ANTONIO BURGOS | EL RECUADRO


El último betunero

Cuando la manifestación contra los empresarios organizada por los sindicalistas nominados (esto es, estabulados en la nómina de sus organizaciones, donde son liberados de recebo), Félix Madero hizo la foto histórica de uno de aquellos gachós limpiándose con un arrodillado betunero, en plan Javier Arenas en el Hotel Palace, sólo que el tío llevaba al hombro la bandera de sus reivindicaciones, que como estamos en Carnaval habrá que cambiar de letra al modo de la Chirigota de los Artistas con el Himno del Centenario sevillista y la calva de Monchi, de manera que donde decía «¡A las barricadas!» habrá que poner «¡A las mariscadas!»...

—Ojú, qué párrafo más largo le ha salido, jefe: 104 palabras...

¿Pero se entiende, no? Es lo bueno que tiene haber estudiado Latín desde 1º de Bachillerato a 4º de carrera, y sin Chuletas cum Laude del rector Luque.
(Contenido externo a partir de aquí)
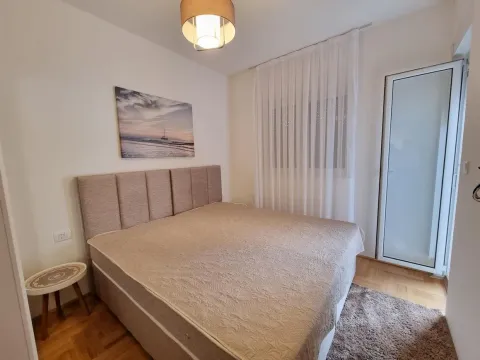 Izdavanje, jednosoban stan, 54m², Budva, Crna Gora - image 14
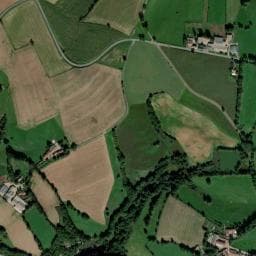 Vue de Ferme Pédagogique Au Fer à Cheval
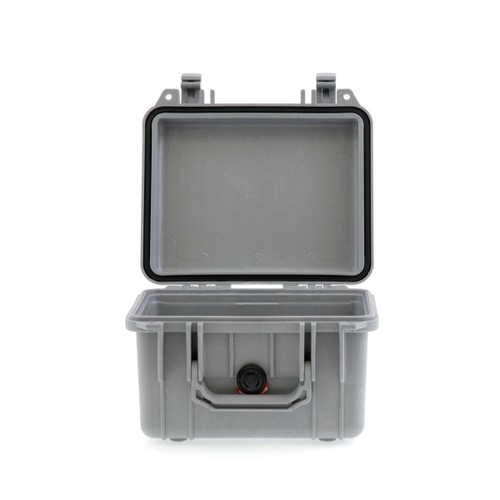 Peli case 1300 - case, schaum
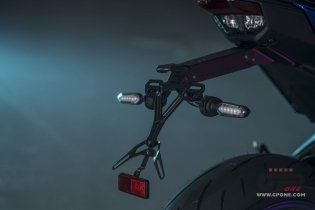 Moto - News: TEST Yamaha MT-09 2024 – Il ritorno del Cavaliere Oscuro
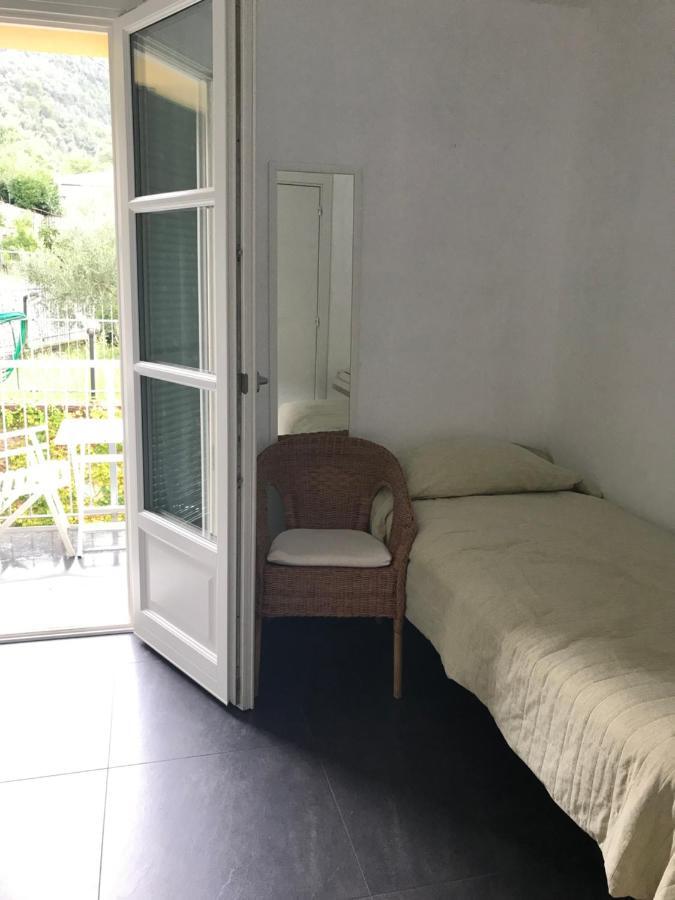 La Terrazza Del Molino Apartamento Levanto Exterior foto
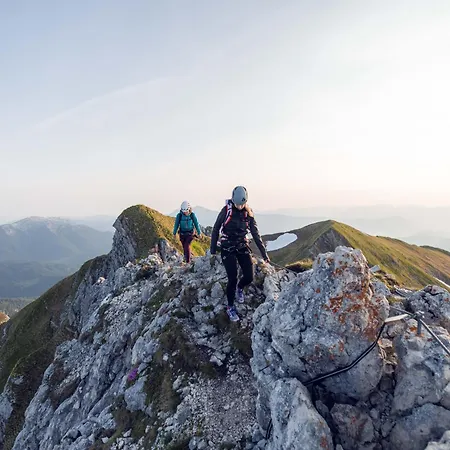Base Achensee - Active Lifestyle Am Achensee 4*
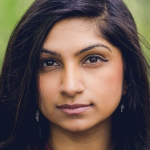 Nikita Chaudhry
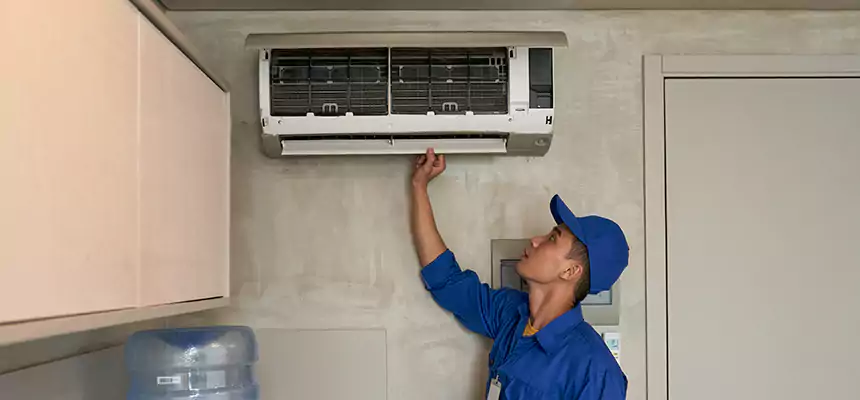 Balanced Fresh‑Air Ventilation (ERV/HRV) in St. Louis Park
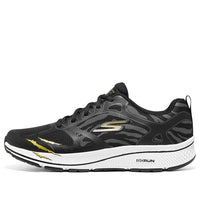 Skechers Go Run Consistent Cny Edition 'Black Gold Bkgd' 894055-BKGD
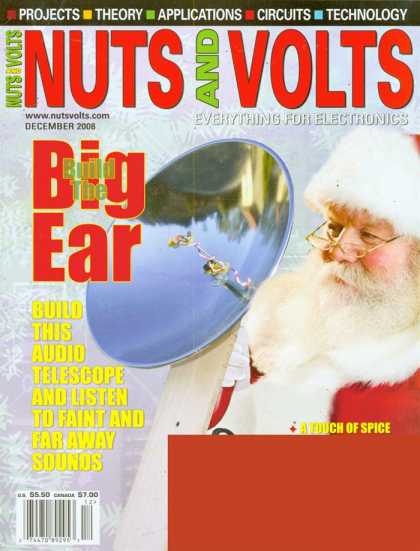 Various Magazines 24175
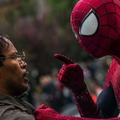 『アメイジング・スパイダーマン2』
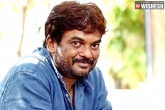 Puri Jagannadh updates, Puri Jagannadh digital shows, puri jagannadh set for digital debut, Tv shows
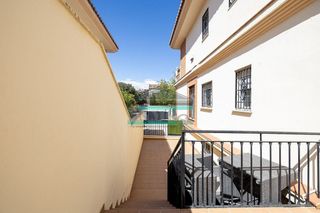 Casa pareada en venta en Cerrillo de Maracena - Periodistas en Granada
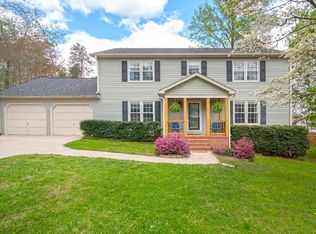 14 Pine View Ter, Taylors, SC 29687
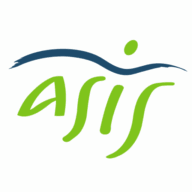 Logo Agence Schaerbeekoise Immobilière Sociale ASBL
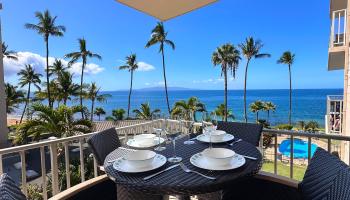 Kamaole Nalu condo # 402, Kihei, Hawaii - photo 1 of 40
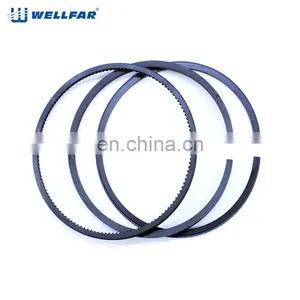 New Arrival Wholesale High Quality Engine Spare Parts 75mm Piston Rings For PEUGEOT thumbnail-3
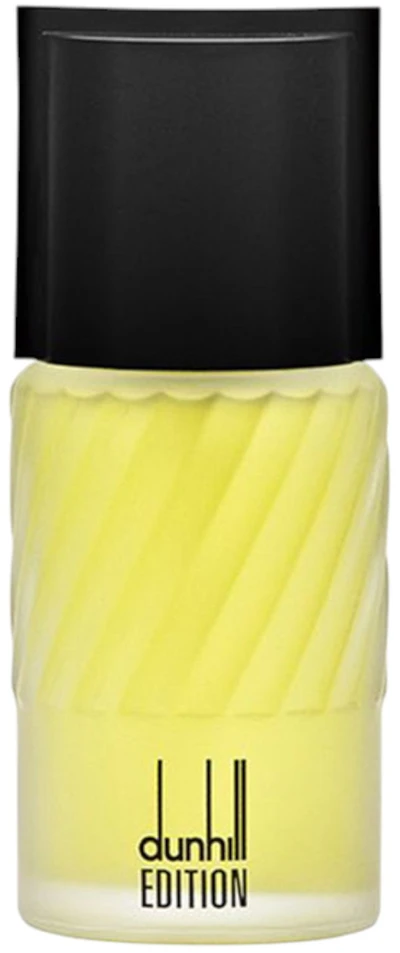 "Dunhill London Edition" tualetinio vandens purškalas 100ml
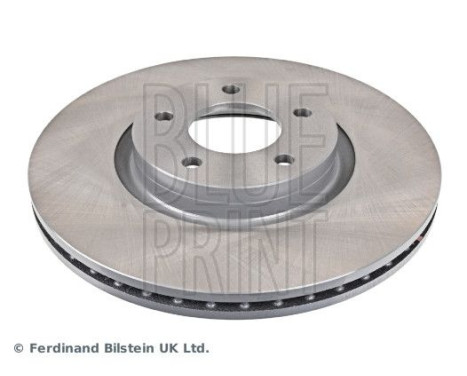 Bromsskiva ADM543119 Blue Print, bild 2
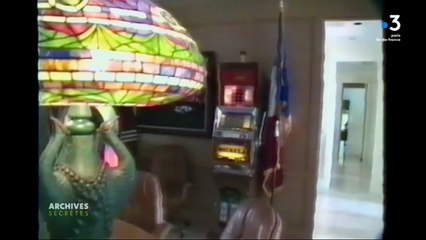 Johnny Hallyday & Michel Sardou – Archives Secrètes (France 2, 12 mai 2023)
Se aprende a dominar las oraciones principales y las subordinadas, y el lector no se pierde. El que me pierdo soy yo, que venía diciendo que cuando la foto del caradura sindical me preguntaba: ¿dónde has encontrado el betunero, hijo? En Sevilla no hay nada más difícil que encontrar un betunero. Se ha impuesto la creencia de que la de betunero es una profesión infamante, degradante para la dignidad humana. Vender pañuelos en los semáforos; limpiar parabrisas de coches aunque no quieran sus conductores; buscar aparcamientos a los que lo han de menester, no son profesiones indignantes, no. Como para las señoras de etnia gitana (vamos, las gitanas, joé) tampoco es indignante el asalto a los transeúntes en torno de la Catedral ramita de romero en mano. No, lo indignante es ser betunero. Con el paro que hay, con las necesidades que existen en las familias, a nadie se le ocurre el I+D+I de toda la vida de coger una caja de betunero, un juego de latas de crema Tractor, un bote de dandy, dos cepillos y dos naipes viejos para preservar calcetines, y echarse a la calle a ganarse un dignísimo jornal como limpia. Cerraron los salones de betunería tan nobles y señoriales que había en la calle Sierpes, como Biedma o Carmona. Desaparecieron los betuneros estables, uniformados, que existían en todo tipo de establecimientos. A mi barbero Franco, para su museíllo, le regalé una placa de betunero oficial uniformado que compré en el Jueves y que pone: «Peluquería Bors-Limpiabotas».

Encontrar un betunero en Sevilla es más difícil que hallar en el Ayuntamiento a uno de Izquierda Unida sin coche oficial. Por eso agradezco la comunicación de un lector que a raíz de aquel artículo me da hecho el presente. Me dice: «El único y mejor betunero profesional de Sevilla asienta sus reales en la Bodega Mestre junto a la puerta falsa de la Capillita San José (la que quemaron los rojos), desde bien tempranito y hasta las 14,30 horas. Por las tardes no va porque tiene clientela fija. Atiende por Manuel, es natural de Marchena, medio gitano, hombre callado, discreto y cabal, antiguo costalero de los años 80 del bueno de Manolo Torres (el de La Lanzada y las Cigarreras de aquella época). Usa crema de la buena; el dandy es de fabricación propia, heredado de los saberes de su padre, que ejerció el mismo digno oficio enfrente del Mercantil; y sus cepillos son de los grandes y güenos, de los que se compran en guarnicionería. El único inconveniente que tiene es que sus clientes (directores de banco, profesionales libres, corredores, algún abogado) hacemos cola y a veces tienes que coger la vez y mientras irte a hacer mandaos. Dígale usted que va de mi parte: de José Luis el costalero de La Amargura. Verá cómo le atiende de bien.» Ea, pues a hacer rico a Manuel se ha dicho. Para Manuel el betunero de la Bodega Mestre sí que no hay ni paro ni crisis. Como no lo habría para esos inexistentes betuneros que no se encuentran en esta limpísima Sevilla que no tiene más remedio que destrozar la piel de sus zapatos a base de cánfor.